Incidentally, here’s another piece (one I wrote years ago) that you might enjoy – I examined the demographics of advertising content vs. the demographics of the audiences said ads were trying to reach: http://adage.com/article/the-big-tent/insert-group-beautiful/120591/
All my best,
Jonathon
Thanks! Loved the piece you wrote. L
Wonderful post! Though a physician, I am often assumed to be a social worker or nutritionist (both great professions, but not mine). Female-dominated fields consistently make less than male-dominated fields (eg pediatrics vs internal medicine). Gender bias is pervasive and toxic, even in 2013. Thank you for speaking up.
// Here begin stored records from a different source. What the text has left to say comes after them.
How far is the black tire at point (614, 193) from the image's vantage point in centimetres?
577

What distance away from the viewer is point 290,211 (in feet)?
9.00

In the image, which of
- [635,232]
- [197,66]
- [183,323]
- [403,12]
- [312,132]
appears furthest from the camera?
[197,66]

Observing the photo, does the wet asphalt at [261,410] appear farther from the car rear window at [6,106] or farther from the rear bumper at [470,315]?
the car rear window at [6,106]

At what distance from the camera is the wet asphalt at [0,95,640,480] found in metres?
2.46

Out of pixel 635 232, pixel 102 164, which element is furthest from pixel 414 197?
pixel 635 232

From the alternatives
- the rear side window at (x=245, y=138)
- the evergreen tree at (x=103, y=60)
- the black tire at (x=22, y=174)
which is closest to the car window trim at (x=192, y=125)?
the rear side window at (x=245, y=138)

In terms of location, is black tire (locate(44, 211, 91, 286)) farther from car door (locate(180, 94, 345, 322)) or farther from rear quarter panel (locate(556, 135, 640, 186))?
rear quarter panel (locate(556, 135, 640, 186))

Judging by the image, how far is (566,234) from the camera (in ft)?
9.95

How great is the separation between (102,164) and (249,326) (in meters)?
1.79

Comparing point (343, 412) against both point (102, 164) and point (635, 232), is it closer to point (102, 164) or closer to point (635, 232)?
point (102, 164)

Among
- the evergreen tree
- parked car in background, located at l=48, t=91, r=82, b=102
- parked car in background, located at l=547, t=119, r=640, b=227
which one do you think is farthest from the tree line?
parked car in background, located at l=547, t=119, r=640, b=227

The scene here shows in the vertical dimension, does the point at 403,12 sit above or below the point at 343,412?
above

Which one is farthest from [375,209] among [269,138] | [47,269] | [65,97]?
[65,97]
Laura, thanks for the note. It is amazing how times don’t change much. Lisa
Hi Lisa
Thank you for this post.
Having spent the bulk of my career involved with public companies I am familiar with the the lack of diversity, not just by gender, of senior management teams and corporate Boards. But having been involved with early stage high growth companies more recently (as an investor and advisor) the issue seems even more glaring at this level … sadly. Not good for the startups themselves or the economy more broadly for many reasons. I wrote a piece on the dearth of women on VC backed Boards earlier this year:
http://adamquinton.blogspot.com/2013/03/iwd-post-women-on-vc-backed-company.html
Best Regards
Adam
Adam, thanks for your note and your article. Glad to see some men paying attention. Lisa
Hi Lisa, this post clearly struck home with me as often I’m the sole female on a board. Nearing the end of my career, I am no longer a 30 year old with stars in my eyes, but disheartened that for women, parity is still so far off in the future. I am a cynic, and rightly so. I had founded and run a great medtech company destroyed by a VC-led board who insisted on bringing in a male CEO, with no top leadership experience, who went on to burn through millions in cash like he had a printing press, but who knew how to shake hands and ‘talk the man talk’ with the board. When I left, I told him he would sink or swim on his own, and he did the former quickly and completely. Thank you for staying true to your gender. Continue to wave our flag at board meetings and at the podium.
Regards,
France
(I was recently asked to join a European med device board; your post explains why.)
Lisa:
Thanks for writing this…..I felt as though you described my own experience. Over the last 13 years I have served on 15 Boards (private and public) and with the exception of 2, was the only woman member. The odd thing is that if you asked the men around the table, they would be surprised to be asked about this….they think there’s nothing wrong with the status quo. Thanks again for speaking up!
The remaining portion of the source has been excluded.